245/50-16 was common, so was 235/55-16 on the F-body. Either way, you're looking at 25.5 - 26" diameter.

I had been thinking about trying to use a thinner head gasket to bump up the compression a bit. If I'm still harboring some thoughts of using the nitrous kit I have access to though, I probably don't want the compression THAT much higher though, right?

You can use thinner head gaskets. Shim gaskets can be finnicky, but many companies like Cometic, Victor Reinz, ROL, and FelPro make MLS composite gaskets in thinner sizes.

Don't be afraid to push the compression a bit with Vortecs. The chamber shape is very tolerant to detonation. Depending on your setup, 10.5:1 is easy on 93 octane. I have a very mild cam in mine and run 87 octane with 9.6:1. More cam can reduce the need for octane with higher compression.... but more on that in another episode.

If it were mine, I would shoot for something like this: @.050" duration 225-intake, 230- exhaust, 110° LSA, install it about 2-4 degrees advanced (which for most grinds means just line up the dots).
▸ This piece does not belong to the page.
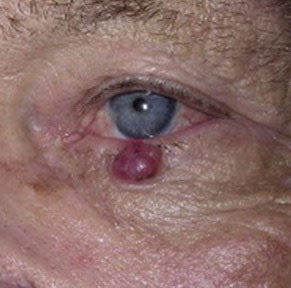 A Merkel cell carcinoma growing below the eye of a man | American Academy of Dermatology (AAD).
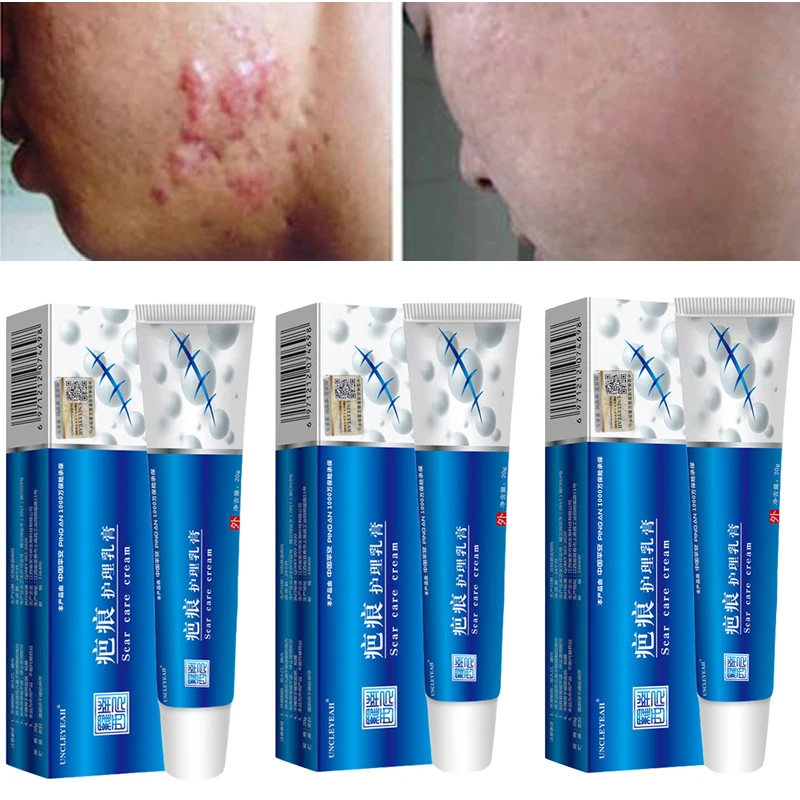 

Pigmentation Corrector Acne Scar Removal Cream Pimples Stretch Marks Remove Acne Smoothing Whitening Moisturizing Body Skin Care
That should net you a good square 400 lb-ft around 3500 RPM, and a good 350 hp at 5000 RPM with headers and proper dual exhaust. Shift at 6000 and smile. Converter will need to be around 2500 stall and rear gears should be pretty deep... 3.90 or 4.10 with the TH350. The torque curve should be fat enough to get by with 3.42s with the 700r4.

For the challenge, the TC can be as cheap as you want. For the street, spend money on a good one. All high-stall converters are not the same. A cheap one feels like you're in neutral until you hit higher RPM. A good one moves the car forward like a stock converter when you take your foot off the brake, and the amount of stall is more proportional to throttle input.

Big point to make here.... With vortec heads, don't assume anything when it comes to valve lift capability. The generally accepted max lift on stock springs/retainers is .470" gross lift. Since you won't be able to use stock springs anyway with an aftermarket cam, you have a few options: 1) buy a common aftermarket spring/retainer kit that will allow .550" lift, 2) buy an inexpensive guide cutter bit and cut down the guides to allow more lift, or 3) only use .470" lift. #3 is a very poor option in my opinion since the vortecs will absolutely benefit from more lift. #1 and #2 are equally fine options and you'll just have to weigh the cost/comfort level of what you feel comfortable doing.

One more big point to make... Don't take the cam manufacturer's word on spring rates. Most of the cam companies make a handful of springs to fit a few hundred cam profiles. They assume that the handful of different spring rates will sorta satisfy "range X" of cam profiles. You may end up with a cam that is at the low or high end of that range and your springs will be either way too stiff, or not stiff enough. Find a trusted machine shop to recommend spring rates for your cam. You'll also save money that way. Instead of buying the expensive aftermarket performance kit, you can buy inexpensive, off-the-shelf, machine-shop parts and get a better result.